↓↓↓

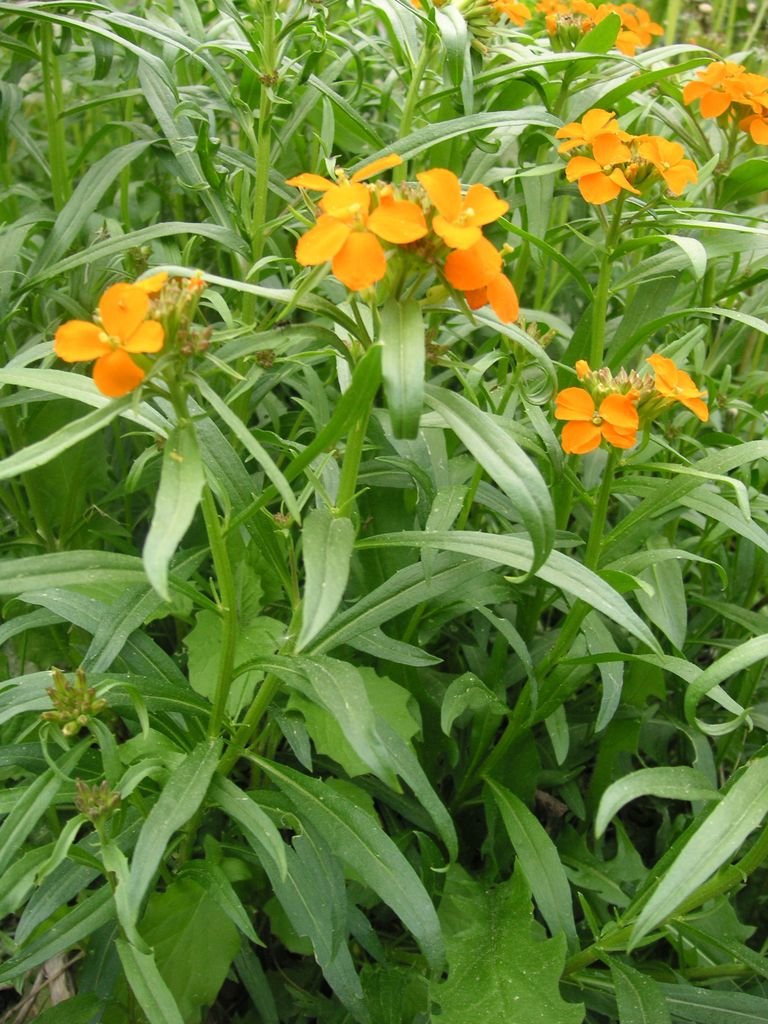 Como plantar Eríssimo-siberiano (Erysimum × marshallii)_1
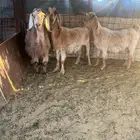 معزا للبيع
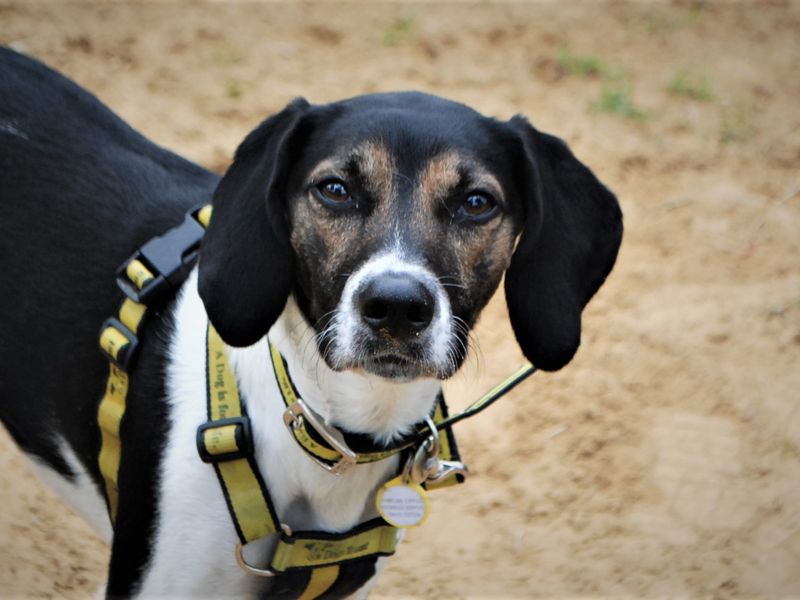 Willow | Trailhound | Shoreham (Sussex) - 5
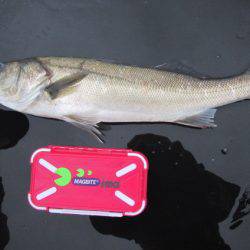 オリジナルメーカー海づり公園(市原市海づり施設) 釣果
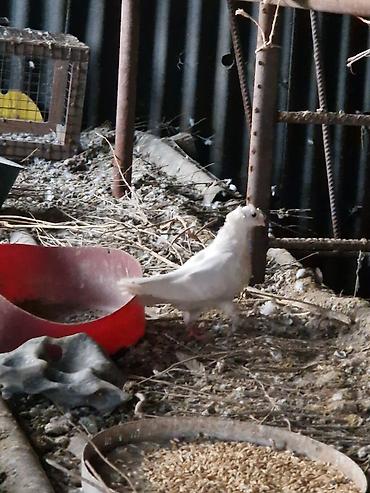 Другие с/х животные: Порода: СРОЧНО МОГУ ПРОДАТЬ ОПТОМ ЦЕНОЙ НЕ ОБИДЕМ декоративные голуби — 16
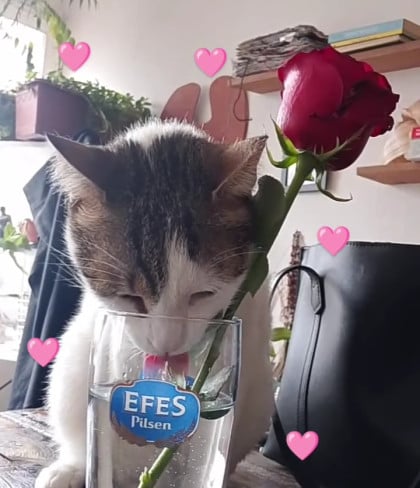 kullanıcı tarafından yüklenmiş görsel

↑↑↑

▶ ABOUT THIS EXERCISE: The whole listing, minus its images, should be repeated exactly.

▶ EXPECTED OUTPUT:
 Como plantar Eríssimo-siberiano (Erysimum × marshallii)_1
 معزا للبيع
 Willow | Trailhound | Shoreham (Sussex) - 5
 オリジナルメーカー海づり公園(市原市海づり施設) 釣果
 Другие с/х животные: Порода: СРОЧНО МОГУ ПРОДАТЬ ОПТОМ ЦЕНОЙ НЕ ОБИДЕМ декоративные голуби — 16
 kullanıcı tarafından yüklenmiş görsel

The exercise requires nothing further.